» YOUR OBJECTIVE:
An exact copy of all the data is needed, with every picture left out.

» INPUT MATERIAL:
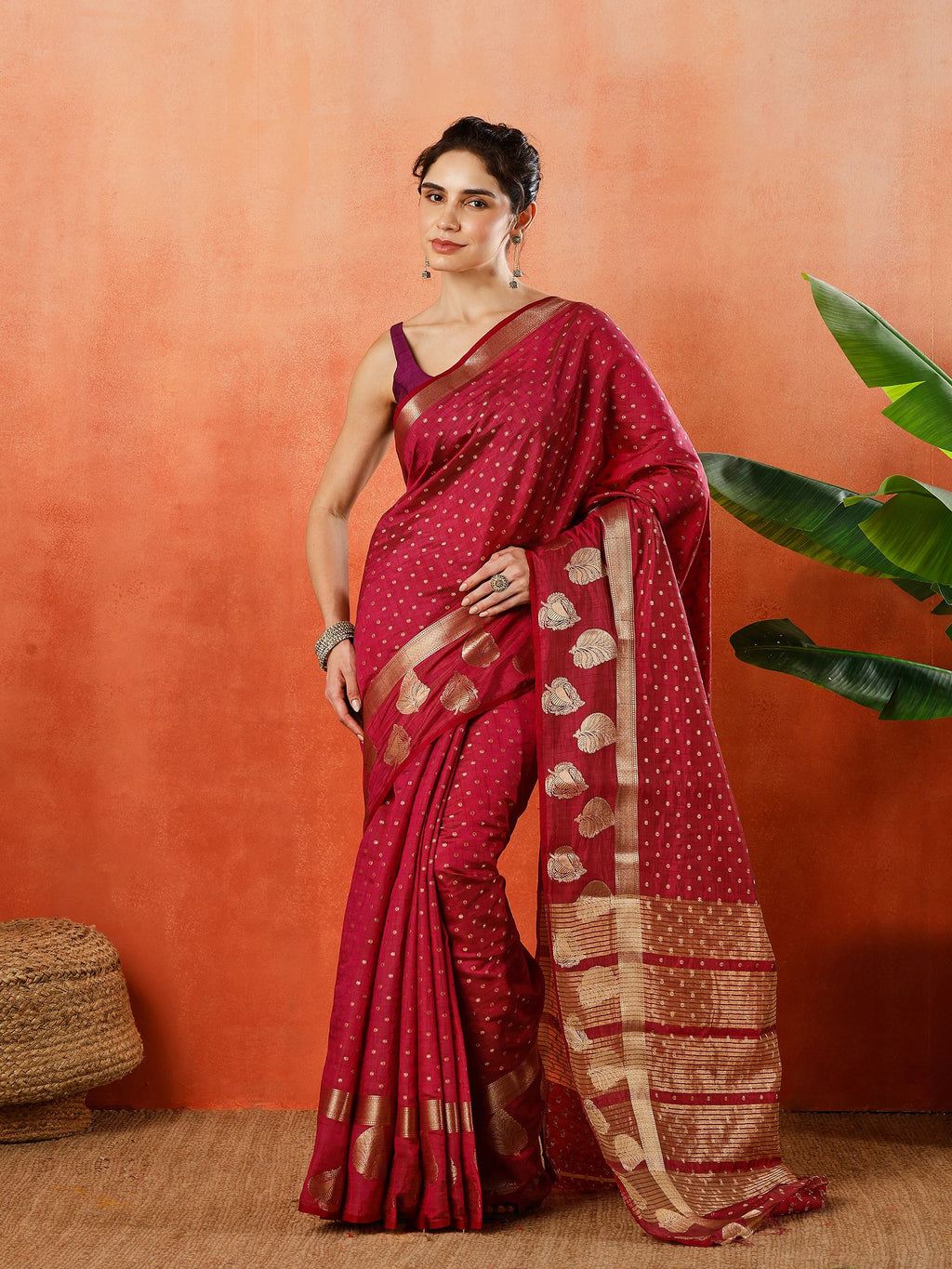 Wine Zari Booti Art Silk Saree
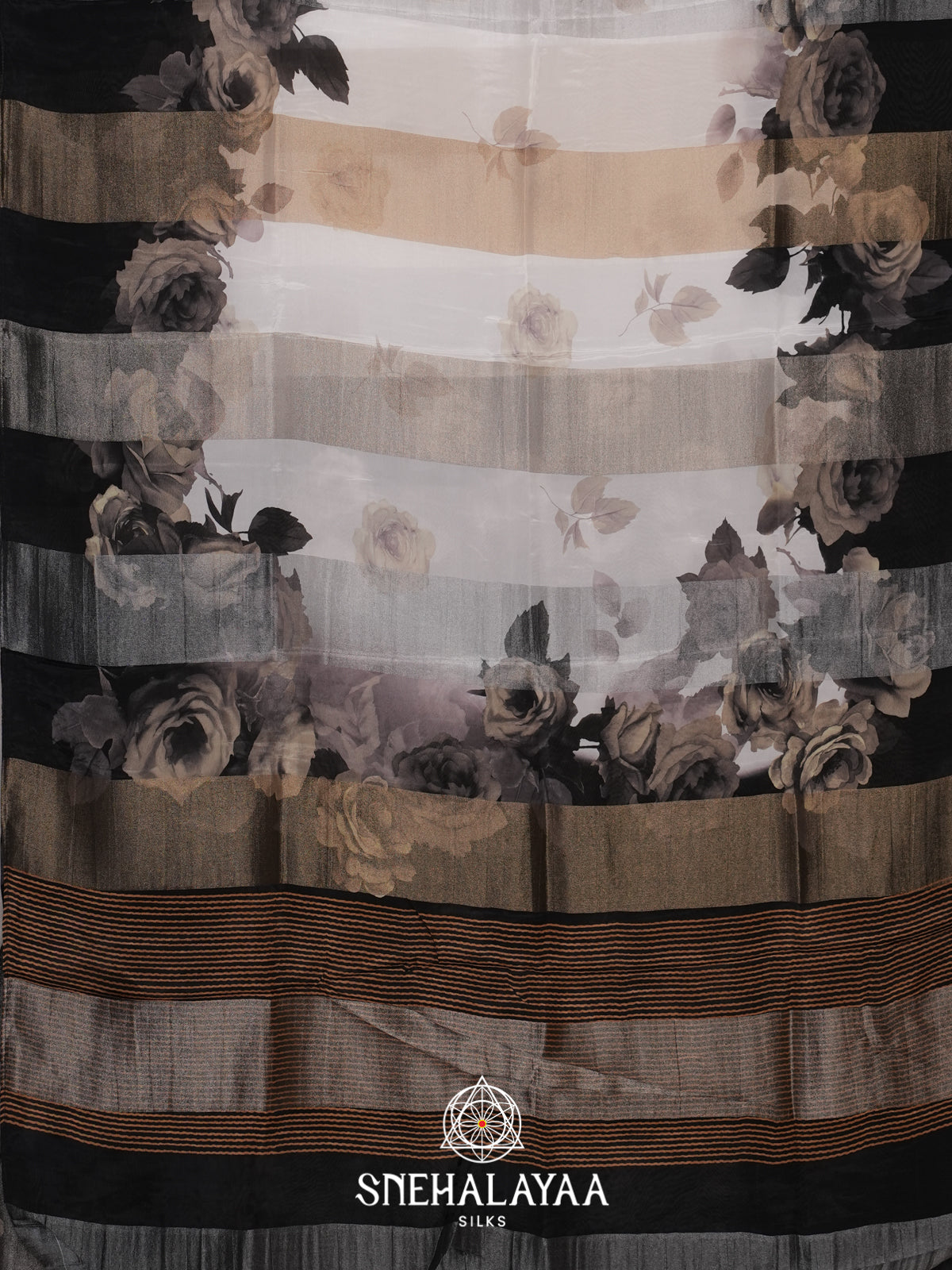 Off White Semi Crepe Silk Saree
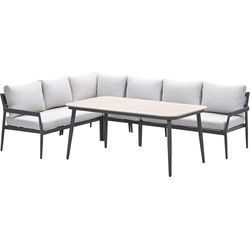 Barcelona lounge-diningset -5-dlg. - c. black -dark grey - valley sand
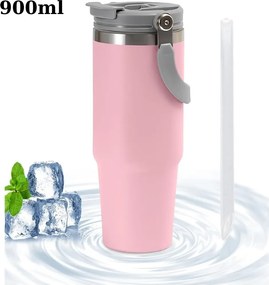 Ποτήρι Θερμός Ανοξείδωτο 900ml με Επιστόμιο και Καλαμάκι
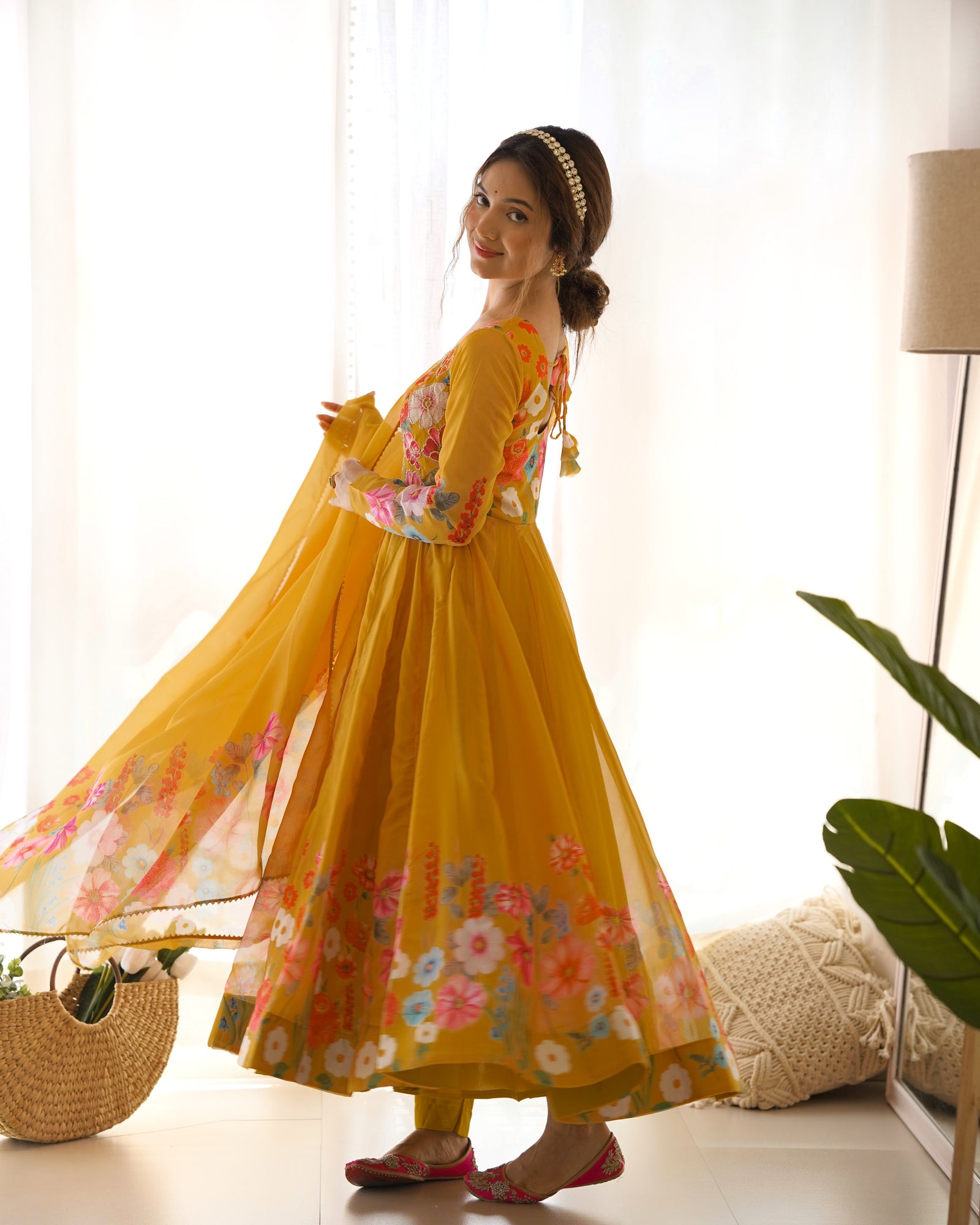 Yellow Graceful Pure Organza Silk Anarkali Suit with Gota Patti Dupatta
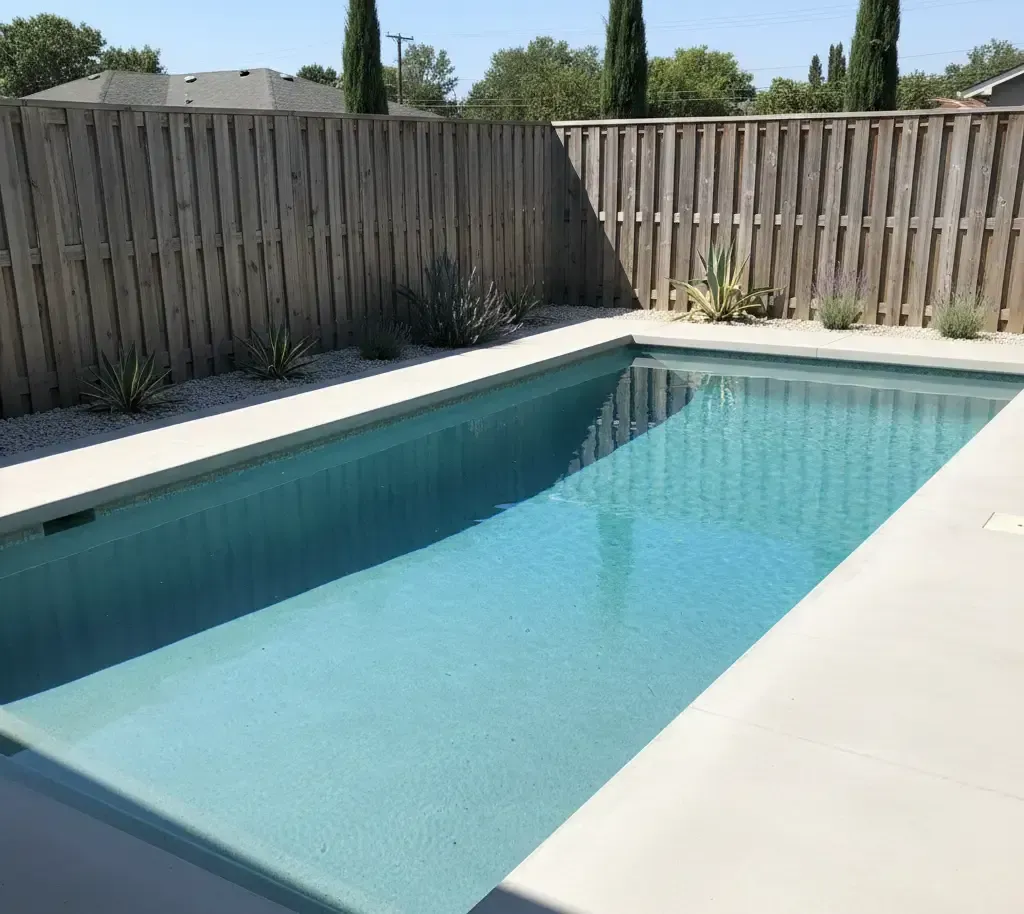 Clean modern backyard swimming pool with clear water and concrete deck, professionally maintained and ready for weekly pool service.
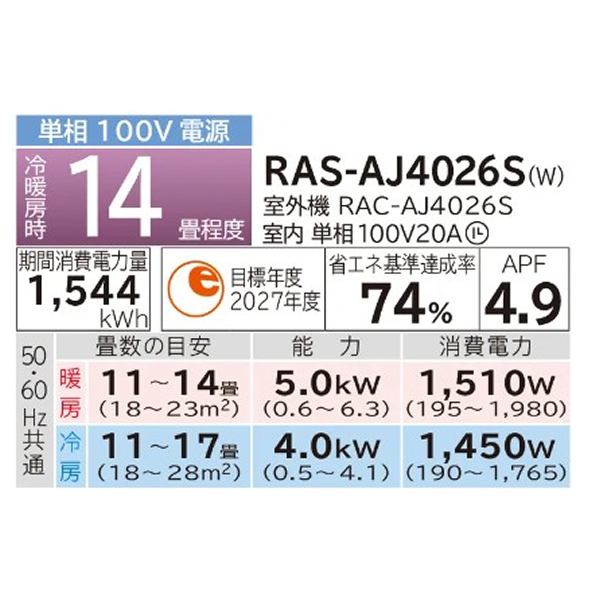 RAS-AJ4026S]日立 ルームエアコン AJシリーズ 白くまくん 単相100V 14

» WRITTEN SOLUTION:
 Wine Zari Booti Art Silk Saree
 Off White Semi Crepe Silk Saree
 Barcelona lounge-diningset -5-dlg. - c. black -dark grey - valley sand
 Ποτήρι Θερμός Ανοξείδωτο 900ml με Επιστόμιο και Καλαμάκι
 Yellow Graceful Pure Organza Silk Anarkali Suit with Gota Patti Dupatta
 Clean modern backyard swimming pool with clear water and concrete deck, professionally maintained and ready for weekly pool service.
 RAS-AJ4026S]日立 ルームエアコン AJシリーズ 白くまくん 単相100V 14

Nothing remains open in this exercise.